Under Alexander VII, Cortona’s first Chigi commission was S. Maria della Pace.
The Baroque façade of S. Maria della Pace was added by Cortona at the behest of Pope Alexander VII. The façade of the new church, alternating concave and convex a la Borromini, conjured harmony from urban mess. Better seen than described, a confined space suddenly seemed much larger. So pleasing was this piece of street theatre’s effect that a wall-notice stipulates the design be in no way changed by future generations.
Today’s crowds keep to nearby Piazza Navona. Comparatively secluded, Piazza della Pace, matching its name, remains one of Roma’s most delightful squares. And to think Cortona claimed his architecture was a mere hobby.

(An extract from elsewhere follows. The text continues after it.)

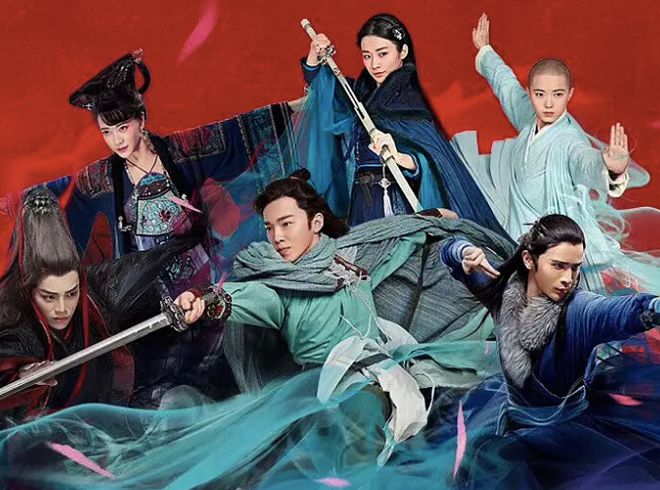 最新笑傲江湖传奇——高科技产品揭秘与介绍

Also little visited in SS. Luca and Martina. As tourists shuttle between the Roman Forum and Campidoglio, the church is easily overlooked, which is a pity, given its beautiful crypt. Cortona’s work actually began back under Pope Urban, inspired, as with S. Bibiana, by concurrent exhumation of a saint – Martina.
The remains’ authenticity has since been contested*, but initially fortune and/or providence seemed in Cortona’s favour. Until his patron, Cardinal Francesco Barberini, was accused by Innocent X of embezzlement and fled to France.

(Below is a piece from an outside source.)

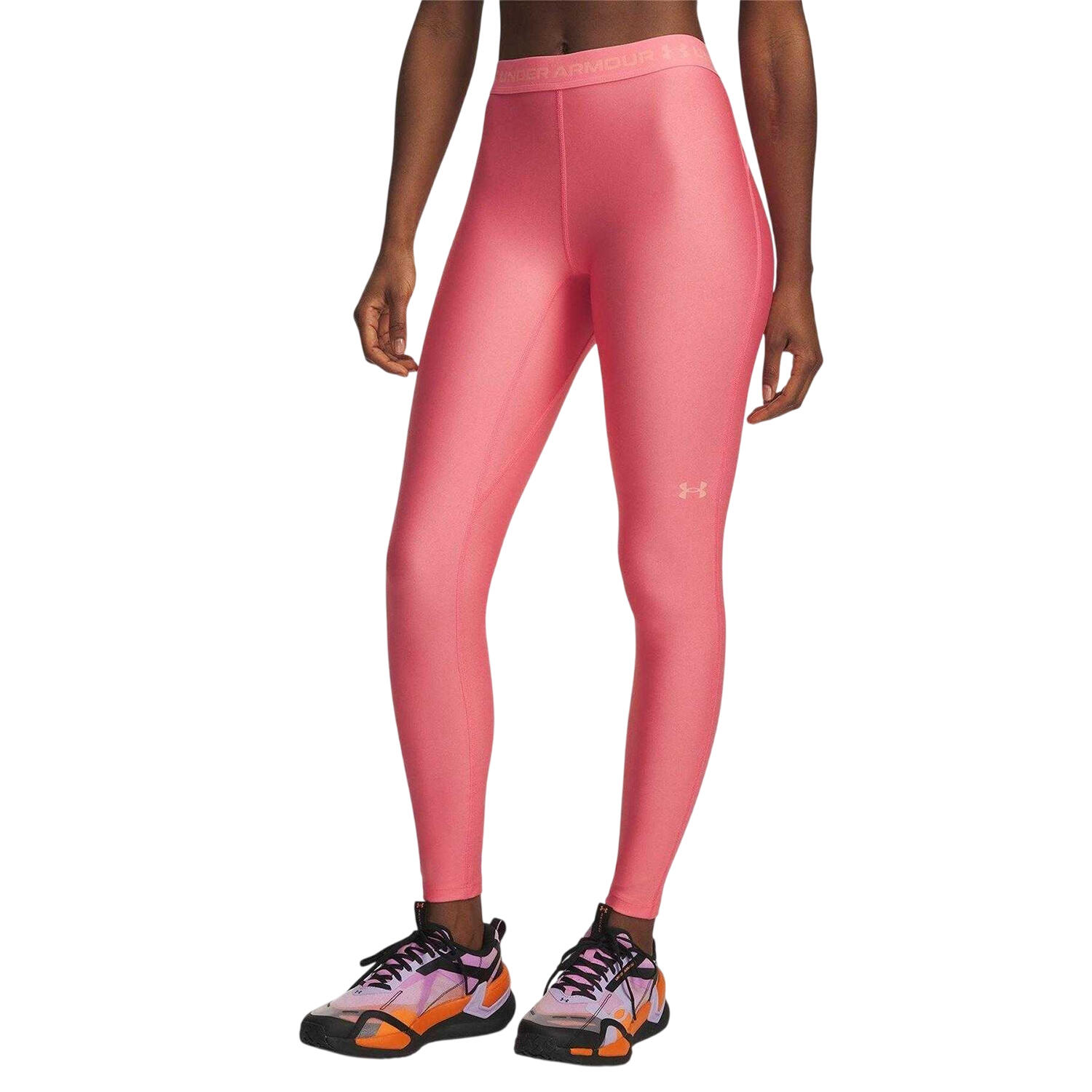 Under Armour Womens/Ladies HeatGear Leggings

A seven year interruption ensued. After which Cortona’s work started again, this time on the upper church, including rose-stuccoed dome and the floor where he would eventually be buried.
Out of envy or no, some of Cortona’s fellow S. Luca academicians suspected a plot to turn the church, (his ‘beloved daughter’ he called it) into a private mausoleum**. The lower church was roped off and a six-year controversy broke out. Accusing the academicians of obtructionism, Cortona’s supporters prevailed, duly placing in the lower church a more fulsome wall-plaque/cenonotaph and bust.
Not that Cortona ceased painting altogether. Next door to the rippling façade of Borromini’s Oratory, S. Maria in Vallicella combines spectacle with the miraculous. Look up and one sees an expanse of (blue) sky. The church-roof, or its remains, threatens to crash down on one’s head. Only the presence of the Virgin and some strong-armed putti prevent disaster.
Cortona continued creating alterpieces. In Borromini’s S. Ivo, then in S. Carlo dei Catinari. In Pope Alexander’s 1661 refurbishment of Castel Gandolfo’s church to newly-canonised Tommaso da Villanova, he created The Crucifixion altarpiece. Working alongside him in the church was Bernini, as they had done back in S. Bibiana 37 years before.